__Task__. Through the line that contains "而她则不得不用双臂圈住了他的颈项二维码生成", return the data below exactly, starting at its first line; leave the rest out.
☆ ☆ ☆ ☆ ☆ ☆ ☆
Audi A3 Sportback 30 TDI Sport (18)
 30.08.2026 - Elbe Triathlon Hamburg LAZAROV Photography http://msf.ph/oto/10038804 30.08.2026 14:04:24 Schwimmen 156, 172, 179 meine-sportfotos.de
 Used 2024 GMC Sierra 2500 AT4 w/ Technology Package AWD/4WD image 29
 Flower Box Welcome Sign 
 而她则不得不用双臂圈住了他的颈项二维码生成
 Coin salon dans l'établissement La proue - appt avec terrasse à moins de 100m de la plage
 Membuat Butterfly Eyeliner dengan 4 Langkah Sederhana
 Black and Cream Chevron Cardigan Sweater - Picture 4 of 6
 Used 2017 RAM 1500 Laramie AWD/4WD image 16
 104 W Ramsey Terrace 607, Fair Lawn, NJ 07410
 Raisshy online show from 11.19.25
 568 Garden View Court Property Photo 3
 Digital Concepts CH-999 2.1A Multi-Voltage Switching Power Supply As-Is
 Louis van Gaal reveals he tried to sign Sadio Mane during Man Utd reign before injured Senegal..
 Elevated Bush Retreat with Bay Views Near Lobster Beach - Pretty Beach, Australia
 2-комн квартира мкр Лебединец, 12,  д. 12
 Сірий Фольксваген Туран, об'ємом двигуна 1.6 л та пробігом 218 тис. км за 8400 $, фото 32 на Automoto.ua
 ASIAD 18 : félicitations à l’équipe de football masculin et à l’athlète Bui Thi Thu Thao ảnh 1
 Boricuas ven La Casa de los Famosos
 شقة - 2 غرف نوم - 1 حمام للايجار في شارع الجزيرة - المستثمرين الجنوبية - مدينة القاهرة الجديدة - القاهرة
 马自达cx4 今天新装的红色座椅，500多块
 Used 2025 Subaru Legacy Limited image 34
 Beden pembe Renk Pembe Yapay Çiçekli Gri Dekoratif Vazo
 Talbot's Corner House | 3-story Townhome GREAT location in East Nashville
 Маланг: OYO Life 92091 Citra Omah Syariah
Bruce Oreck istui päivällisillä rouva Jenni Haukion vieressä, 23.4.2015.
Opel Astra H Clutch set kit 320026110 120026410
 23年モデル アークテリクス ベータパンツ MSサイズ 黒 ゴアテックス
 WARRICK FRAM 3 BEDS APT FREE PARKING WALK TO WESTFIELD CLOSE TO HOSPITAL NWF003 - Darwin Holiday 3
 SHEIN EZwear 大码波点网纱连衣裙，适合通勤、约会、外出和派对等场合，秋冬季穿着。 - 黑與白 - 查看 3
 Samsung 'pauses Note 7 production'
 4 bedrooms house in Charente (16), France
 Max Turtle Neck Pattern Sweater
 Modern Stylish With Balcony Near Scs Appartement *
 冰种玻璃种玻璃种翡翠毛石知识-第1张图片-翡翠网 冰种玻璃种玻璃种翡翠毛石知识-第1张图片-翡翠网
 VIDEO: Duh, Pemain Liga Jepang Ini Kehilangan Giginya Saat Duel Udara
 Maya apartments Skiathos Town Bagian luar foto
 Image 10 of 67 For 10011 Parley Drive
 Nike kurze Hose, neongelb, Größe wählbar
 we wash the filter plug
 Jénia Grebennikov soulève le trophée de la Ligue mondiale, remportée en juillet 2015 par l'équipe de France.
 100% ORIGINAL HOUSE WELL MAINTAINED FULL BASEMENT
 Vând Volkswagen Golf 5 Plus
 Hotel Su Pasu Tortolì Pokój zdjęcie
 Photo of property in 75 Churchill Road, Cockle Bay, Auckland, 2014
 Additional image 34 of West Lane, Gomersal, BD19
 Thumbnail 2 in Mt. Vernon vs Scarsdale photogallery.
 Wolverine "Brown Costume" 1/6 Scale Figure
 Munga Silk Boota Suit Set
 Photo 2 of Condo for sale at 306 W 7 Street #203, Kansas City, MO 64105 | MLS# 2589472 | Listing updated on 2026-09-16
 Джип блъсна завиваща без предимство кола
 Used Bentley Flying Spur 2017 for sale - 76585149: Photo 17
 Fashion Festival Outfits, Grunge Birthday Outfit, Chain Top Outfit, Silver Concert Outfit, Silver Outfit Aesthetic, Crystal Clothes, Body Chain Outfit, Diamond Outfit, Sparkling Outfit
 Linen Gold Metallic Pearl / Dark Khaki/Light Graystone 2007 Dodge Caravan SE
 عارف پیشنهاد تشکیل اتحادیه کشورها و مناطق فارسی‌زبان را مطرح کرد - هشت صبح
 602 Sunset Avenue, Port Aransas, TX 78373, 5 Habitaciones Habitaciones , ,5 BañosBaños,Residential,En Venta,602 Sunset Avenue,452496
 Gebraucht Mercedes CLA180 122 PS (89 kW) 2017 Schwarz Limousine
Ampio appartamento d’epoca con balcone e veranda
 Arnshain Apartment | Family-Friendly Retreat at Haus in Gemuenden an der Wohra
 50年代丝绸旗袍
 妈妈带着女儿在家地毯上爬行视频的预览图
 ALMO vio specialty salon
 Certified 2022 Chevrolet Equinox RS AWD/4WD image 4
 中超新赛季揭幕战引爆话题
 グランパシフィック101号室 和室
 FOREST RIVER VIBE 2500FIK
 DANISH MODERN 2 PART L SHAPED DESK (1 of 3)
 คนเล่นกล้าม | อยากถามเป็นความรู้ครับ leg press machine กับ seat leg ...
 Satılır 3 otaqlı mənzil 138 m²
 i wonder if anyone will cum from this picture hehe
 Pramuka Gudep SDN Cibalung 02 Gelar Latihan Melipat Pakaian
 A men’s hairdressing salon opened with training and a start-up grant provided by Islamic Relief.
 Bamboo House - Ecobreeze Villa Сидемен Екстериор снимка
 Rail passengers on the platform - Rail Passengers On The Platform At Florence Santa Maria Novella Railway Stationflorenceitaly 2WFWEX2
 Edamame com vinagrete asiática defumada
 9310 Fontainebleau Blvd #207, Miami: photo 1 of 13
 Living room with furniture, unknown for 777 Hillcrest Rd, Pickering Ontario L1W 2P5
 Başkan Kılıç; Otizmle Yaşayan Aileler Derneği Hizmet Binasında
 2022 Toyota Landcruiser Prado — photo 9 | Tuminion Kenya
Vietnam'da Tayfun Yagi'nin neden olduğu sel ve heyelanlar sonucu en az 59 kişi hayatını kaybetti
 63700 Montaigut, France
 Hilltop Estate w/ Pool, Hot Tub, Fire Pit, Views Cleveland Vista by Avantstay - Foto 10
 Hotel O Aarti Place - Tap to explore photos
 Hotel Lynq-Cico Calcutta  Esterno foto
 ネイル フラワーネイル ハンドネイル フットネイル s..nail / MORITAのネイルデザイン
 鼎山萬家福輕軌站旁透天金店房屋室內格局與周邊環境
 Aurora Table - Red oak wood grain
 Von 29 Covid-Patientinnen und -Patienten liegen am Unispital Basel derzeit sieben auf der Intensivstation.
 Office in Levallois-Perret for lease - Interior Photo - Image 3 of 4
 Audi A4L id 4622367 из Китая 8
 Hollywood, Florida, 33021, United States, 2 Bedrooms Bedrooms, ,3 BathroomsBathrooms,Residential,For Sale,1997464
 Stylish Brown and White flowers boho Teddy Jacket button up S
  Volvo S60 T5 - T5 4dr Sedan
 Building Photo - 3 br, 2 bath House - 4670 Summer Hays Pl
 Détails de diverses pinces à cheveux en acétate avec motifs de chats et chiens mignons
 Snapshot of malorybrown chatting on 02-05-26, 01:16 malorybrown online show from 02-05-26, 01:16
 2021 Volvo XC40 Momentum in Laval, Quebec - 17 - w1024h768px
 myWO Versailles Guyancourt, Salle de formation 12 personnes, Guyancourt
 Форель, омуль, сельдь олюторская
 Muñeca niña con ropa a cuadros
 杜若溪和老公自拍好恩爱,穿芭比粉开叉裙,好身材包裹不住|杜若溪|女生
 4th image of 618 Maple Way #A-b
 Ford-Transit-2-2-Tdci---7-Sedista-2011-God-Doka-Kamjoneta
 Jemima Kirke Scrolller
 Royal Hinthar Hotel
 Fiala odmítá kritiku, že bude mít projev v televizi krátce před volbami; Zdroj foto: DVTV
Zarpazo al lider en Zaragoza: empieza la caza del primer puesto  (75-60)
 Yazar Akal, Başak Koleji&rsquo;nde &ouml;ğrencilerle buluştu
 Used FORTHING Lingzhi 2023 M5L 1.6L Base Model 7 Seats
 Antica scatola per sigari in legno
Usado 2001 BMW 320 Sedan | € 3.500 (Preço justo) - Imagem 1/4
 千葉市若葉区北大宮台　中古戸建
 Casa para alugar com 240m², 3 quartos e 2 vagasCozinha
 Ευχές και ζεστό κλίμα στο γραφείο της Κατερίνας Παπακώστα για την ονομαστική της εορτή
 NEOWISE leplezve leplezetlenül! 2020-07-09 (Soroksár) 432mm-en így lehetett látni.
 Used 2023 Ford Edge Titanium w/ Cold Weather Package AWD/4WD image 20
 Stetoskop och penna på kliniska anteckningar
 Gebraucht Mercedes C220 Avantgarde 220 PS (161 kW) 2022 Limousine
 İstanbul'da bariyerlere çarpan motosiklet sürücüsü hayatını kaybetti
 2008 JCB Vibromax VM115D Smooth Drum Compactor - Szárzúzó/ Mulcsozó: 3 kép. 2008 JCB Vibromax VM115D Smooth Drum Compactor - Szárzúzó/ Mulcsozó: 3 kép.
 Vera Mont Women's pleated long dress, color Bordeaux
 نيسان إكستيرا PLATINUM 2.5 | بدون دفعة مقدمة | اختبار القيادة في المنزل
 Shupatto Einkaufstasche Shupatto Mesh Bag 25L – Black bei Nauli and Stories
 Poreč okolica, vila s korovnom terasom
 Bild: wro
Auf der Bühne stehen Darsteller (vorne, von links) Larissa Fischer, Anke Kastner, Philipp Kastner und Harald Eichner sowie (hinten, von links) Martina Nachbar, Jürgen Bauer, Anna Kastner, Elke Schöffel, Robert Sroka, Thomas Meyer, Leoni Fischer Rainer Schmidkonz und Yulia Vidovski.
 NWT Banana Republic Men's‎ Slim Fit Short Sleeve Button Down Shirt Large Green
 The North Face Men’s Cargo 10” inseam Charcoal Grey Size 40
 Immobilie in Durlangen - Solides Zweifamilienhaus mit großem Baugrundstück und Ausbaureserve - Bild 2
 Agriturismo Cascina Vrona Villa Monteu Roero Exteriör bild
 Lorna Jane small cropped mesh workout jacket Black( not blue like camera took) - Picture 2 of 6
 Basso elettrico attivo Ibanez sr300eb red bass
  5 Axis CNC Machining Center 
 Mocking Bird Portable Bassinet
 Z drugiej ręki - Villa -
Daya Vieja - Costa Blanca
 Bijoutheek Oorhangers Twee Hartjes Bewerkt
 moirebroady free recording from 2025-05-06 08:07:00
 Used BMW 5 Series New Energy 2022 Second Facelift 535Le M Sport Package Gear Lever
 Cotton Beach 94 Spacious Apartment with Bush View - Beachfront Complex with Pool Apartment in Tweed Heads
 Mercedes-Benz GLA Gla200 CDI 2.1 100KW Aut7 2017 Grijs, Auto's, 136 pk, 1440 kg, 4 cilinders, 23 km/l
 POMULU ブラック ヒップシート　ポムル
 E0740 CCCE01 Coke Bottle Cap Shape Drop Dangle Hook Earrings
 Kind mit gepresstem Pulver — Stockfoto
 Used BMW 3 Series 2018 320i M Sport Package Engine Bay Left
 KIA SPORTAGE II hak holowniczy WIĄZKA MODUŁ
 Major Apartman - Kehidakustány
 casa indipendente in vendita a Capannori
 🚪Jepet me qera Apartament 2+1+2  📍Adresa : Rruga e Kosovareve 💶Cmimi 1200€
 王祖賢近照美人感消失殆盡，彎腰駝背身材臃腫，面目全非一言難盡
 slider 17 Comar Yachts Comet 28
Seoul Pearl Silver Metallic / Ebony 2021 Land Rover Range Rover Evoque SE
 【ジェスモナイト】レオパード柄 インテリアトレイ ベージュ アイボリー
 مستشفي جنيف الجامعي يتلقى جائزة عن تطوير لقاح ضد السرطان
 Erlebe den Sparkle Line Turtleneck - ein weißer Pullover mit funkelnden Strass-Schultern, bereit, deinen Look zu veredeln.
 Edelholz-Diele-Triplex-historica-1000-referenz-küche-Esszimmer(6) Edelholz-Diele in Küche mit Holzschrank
☆ ☆ ☆ ☆ ☆ ☆ ☆
__Your response__.
Audi A3 Sportback 30 TDI Sport (18)
 30.08.2026 - Elbe Triathlon Hamburg LAZAROV Photography http://msf.ph/oto/10038804 30.08.2026 14:04:24 Schwimmen 156, 172, 179 meine-sportfotos.de
 Used 2024 GMC Sierra 2500 AT4 w/ Technology Package AWD/4WD image 29
 Flower Box Welcome Sign 
 而她则不得不用双臂圈住了他的颈项二维码生成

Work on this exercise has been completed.